Botha admires Williams' courage and athleticism but believes the dual-code superstar is "young and foolish" for taking such a punt so early in his budding boxing career.

If managed properly, professional boxers slowly build credentials by taking gradual steps to fashion respectable, undefeated records.

Not Williams. Just five fights into his under-whelming pro career he is taking chances.

"I would never have taken a fight such as this at his stage of his career," Botha said.

"The guys he's fought are all rubbish.

"They are mediocre fighters I wouldn't let tie my shoe laces. He's about to find out what it's all about. He's young and foolish. I'm mature and wise.

"I'm going to take him out quick. "

Botha reckons Williams should have taken baby steps before taking on a seasoned veteran.

"My son has started boxing. Maybe he should have fought my son. He's 22. He's a good boxer. He's had two amateur fights and won both.

"If he beats my son then he can fight Big Daddy," he said, chuckling.

There is a theory that favours Williams. If he can use his long reach to keep his distance in the first four rounds, his superior conditioning should get him through. After much convincing, Botha concedes Williams might "get lucky" and fast-track his boxing credentials.

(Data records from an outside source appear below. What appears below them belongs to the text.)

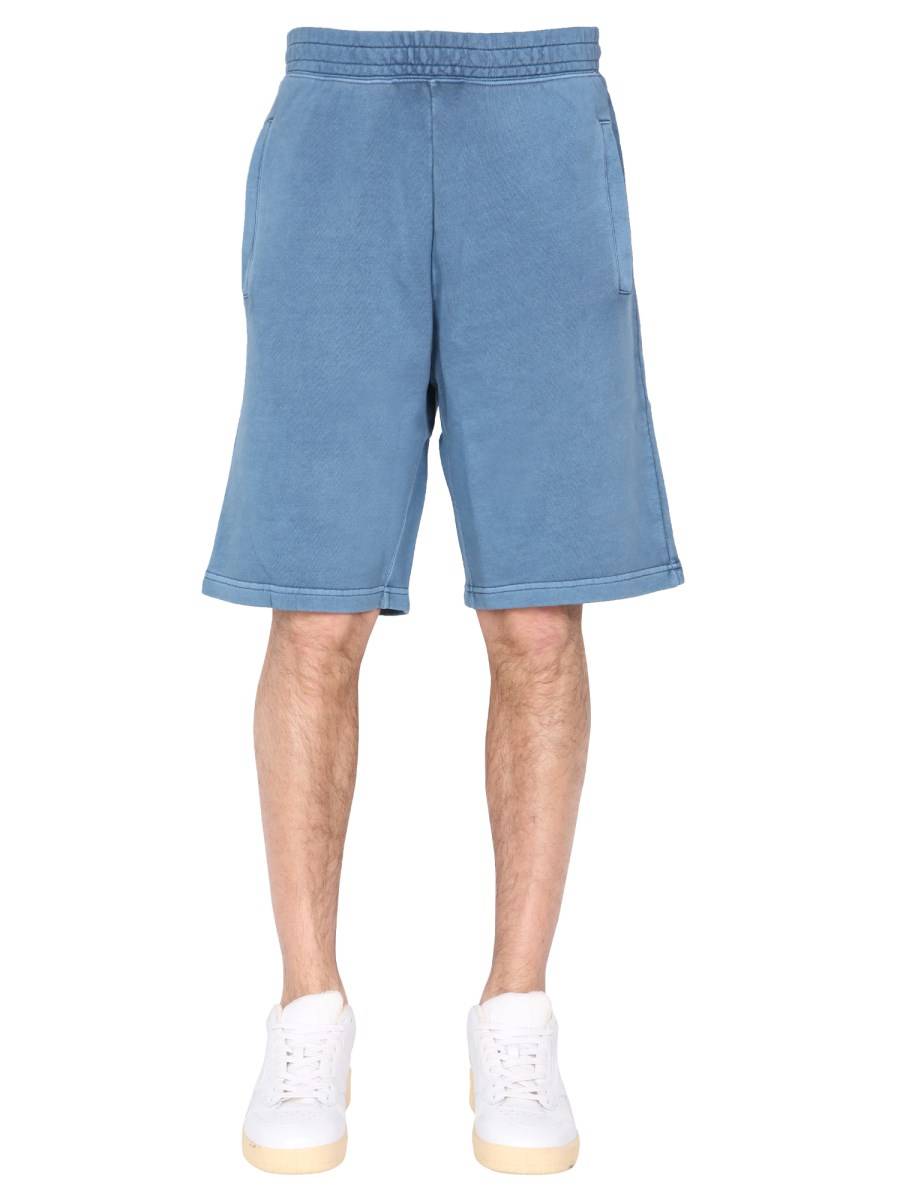 CARHARTT WIP BERMUDA "NELSON" IN FELPA DI COTONE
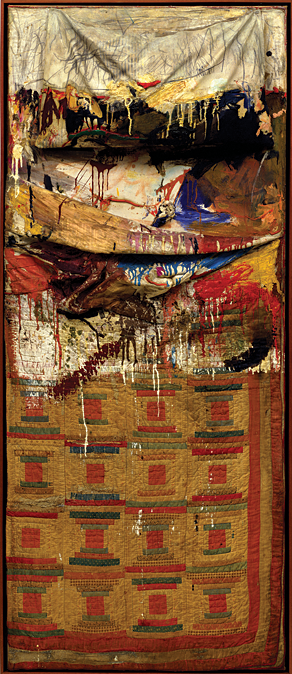 292x674 Fig. 8 Robert Rauschenberg, Bed, 1955. Combine Painting Oil - Combine Painting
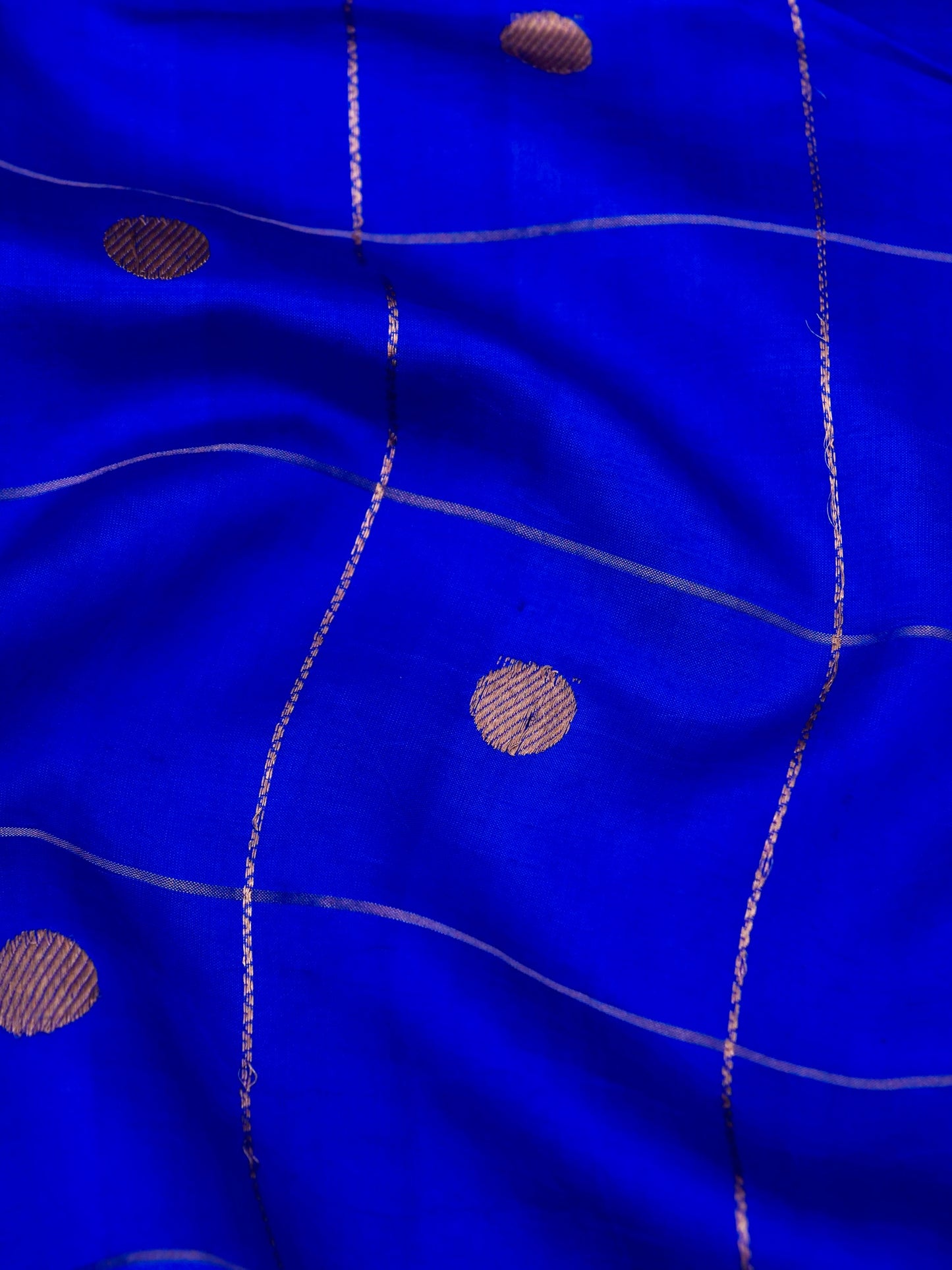 Pure Blue Banarasi Mango Katan Silk Saree with Full Kadhwa Buti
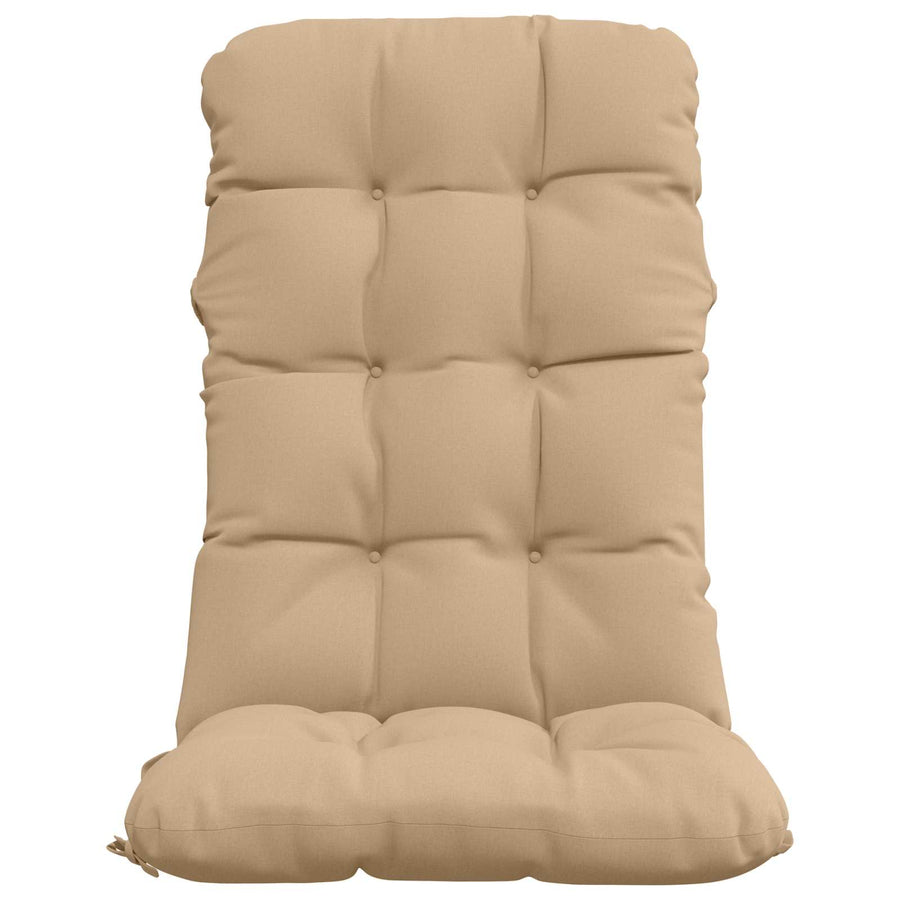 2-delige Hoogrug Kussen VIANEN 2 pcs 100% Polyester Zand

"If he can do well against me it will raise his status around the world."

Having seen and gone toe-to-toe with, some of the premier heavyweights of the modern era, Botha bemoans its diminishing appeal.

"The heavyweight division is a shambles at the moment," he said.

"We will never see the likes of Mike Tyson or Lennox Lewis again.

"We need somebody that can lift the standard.

"Look at the Klitschkos . . . they are boring. That's why nobody watches them."

After Williams he plans to realise a book, dabble in promotion and start a world boxing exhibition tour with Holyfield.

But he can't sign off without one final jibe at Williams. "Don't you scare the boy too much now."